Despite 30,000 pages of banking regulations designed to protect all stakeholders Professor Aernoudt asserted that there was a collapse of the banking system in Europe due to over-regulation paralysing the key institutions, over reliance on rating agencies who carry no financial responsibility for their ratings and a centralisation of credit decisions which removes the human factor from lending. This illusion of a solid banking system helped to undermine Europe’s economy and with 22 million people being unemployed in Europe, there is a great need for creative entrepreneurship to help create employment and a pathway to growth.
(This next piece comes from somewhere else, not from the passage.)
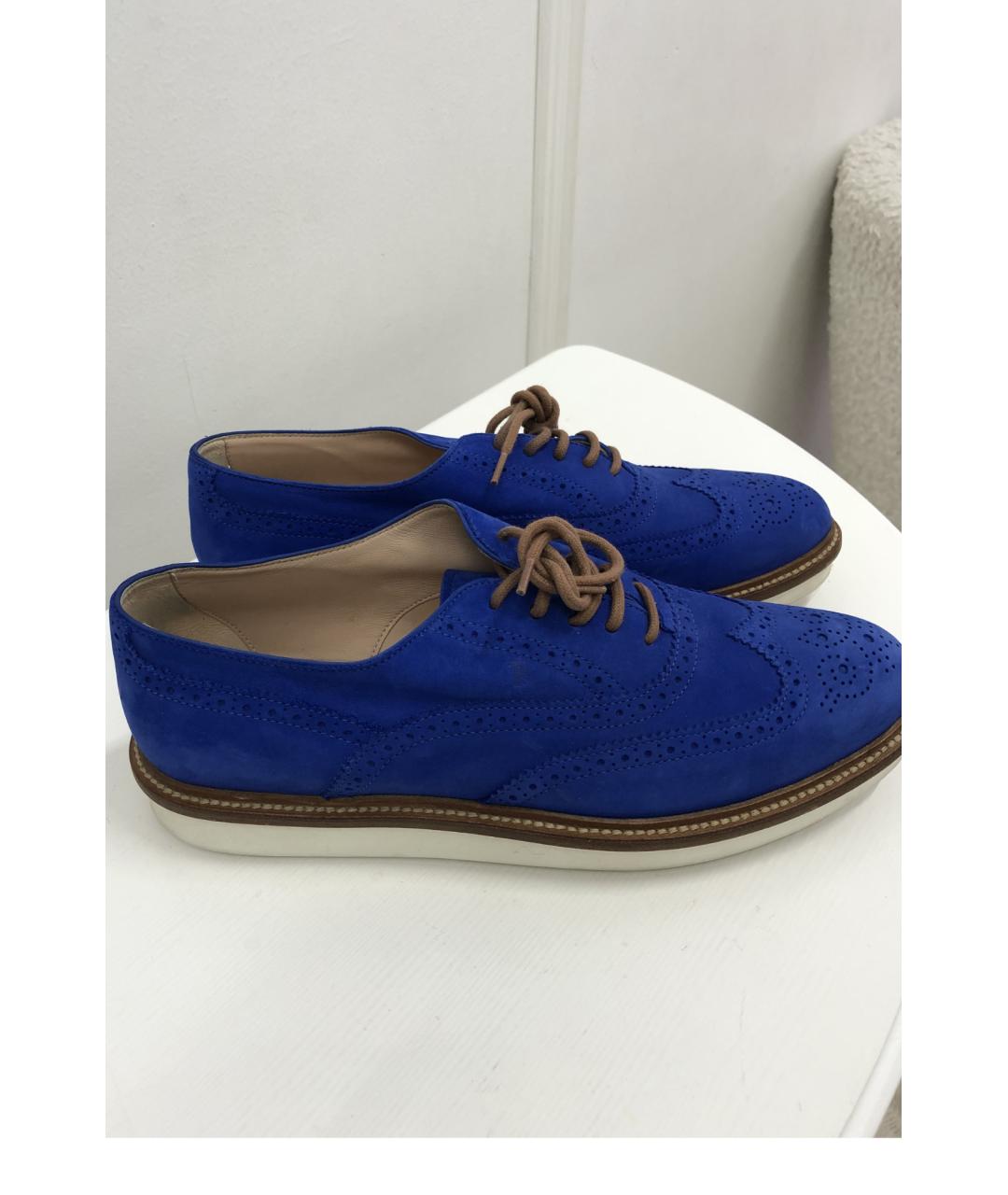 TOD'S Голубые нубуковые лоферы, фото 9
In Professor Aernoudt’s assessment Malta has the right mix of conditions to take advantage of the SME platform that underpins the country’s economy and leverage it further for dynamic growth. Using local entrepreneurial activity as the starting point, the Professor described a virtuous cycle which would drive growth through the addition of innovation & financing, local development, internationalisation by Malta’s entrepreneurs, all leading to wealth creation. Central to this economic model is quality of life, which Professor Aernoudt stated existed in abundance already in Malta. “Small is beautiful” he said, “particularly when twinned with a value-driven economic model which Malta is very close to developing”.
Summing up, Professor Aernoudt interpreted Malta as an economy which could become what he called one of the world’s “new leaders”; an economy with a strong degree of lateral thinking and action that embraces internationalisation based on manageable and ethical structures. This would be the model that places Malta on the highest scales of wealth creation per capita. The techniques of lateral thinking invented by Dr. Edward Debono are designed to enable change said Professor Aernoudt, and are part of Malta’s advantage in putting together a longterm approach to value creation.